Сцена станет многозначнее, если мы вспомним, что Вампилов возвращает словам их первоначальный смысл и в словах «отец» и «сын», многократно произносимых в этой пьесе, нам мерещатся Отец и Сын. Неслучайно в 2000-х годах было множество попыток представить эту пьесу как конфликт поколений и времен; здесь вызревала идея о примирении советской эпохи и постсоветской, о прощении отцов сыновьями и отцами – сыновей. Тем более что для этого синтеза Вампилов сам подготовил почву, так как в идее всеобщего братства, цементирующей пьесу, есть как коммунистические мотивы, так и христианские, – именно в этой точке они соединяются, о чем красноречиво писал Николай Бердяев (Третий интернационал заимствует идею Третьего Рима). Путь Сарафанова – увидеть, как в палимпсесте, через более поздний коммунистический слой («дружба народов») – древнейший христианский слой.
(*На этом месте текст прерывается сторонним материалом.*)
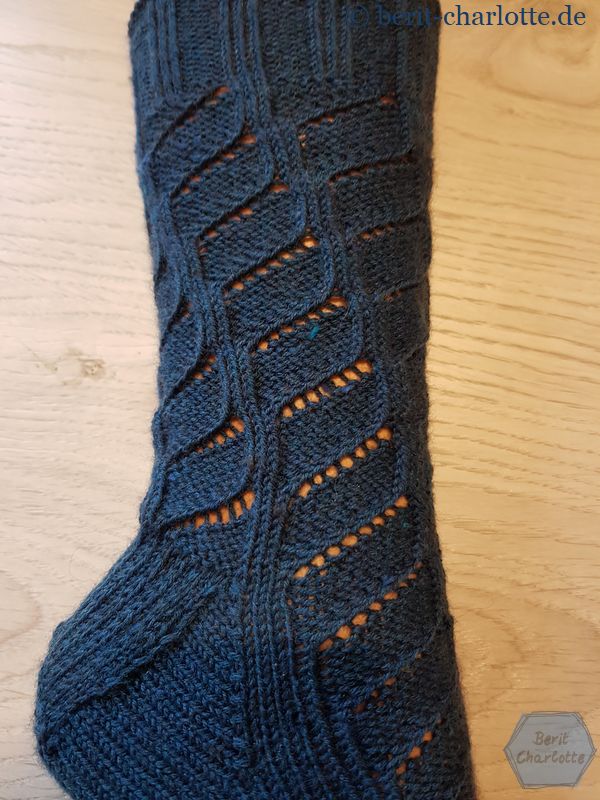 Der Socken hat eine Herchenferse mit Zwickel.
Интересная в пьесе расстановка сил. Сарафанов видит, что рушится его мир; чувствует, что именно он во всем виноват; ему бесконечно стыдно за свою нерешительность. Бусыгин видит, что мир в семье Сарафановых рушится, и принимает ответственность за семью, компенсируя чувство вины. Но любопытна тут и третья фигура. Вампилов фиксирует появление нового типажа – курсанта Кудимова, человека, который вообще ничего не чувствует, лишен навыка эмоционального контакта с другими людьми, сочувствия, наблюдательности, мышления вне заданности. Человек-норматив, человек-регламент. («Компрометируется самое святое – образ советского солдата», как написал один партийный критик.) От пьесы, в которой так много сложных чувств, стыда, раскаяния, прозрений, полунамеков, с помощью антигероя Кудимова можно двигаться к другой пьесе – полной противоположности «Старшего сына», пьесе о тотальном бесчувствии.

16

Румянцев А. Вампилов. ЖЗЛ. М.: Молодая гвардия, 2015. С. 58.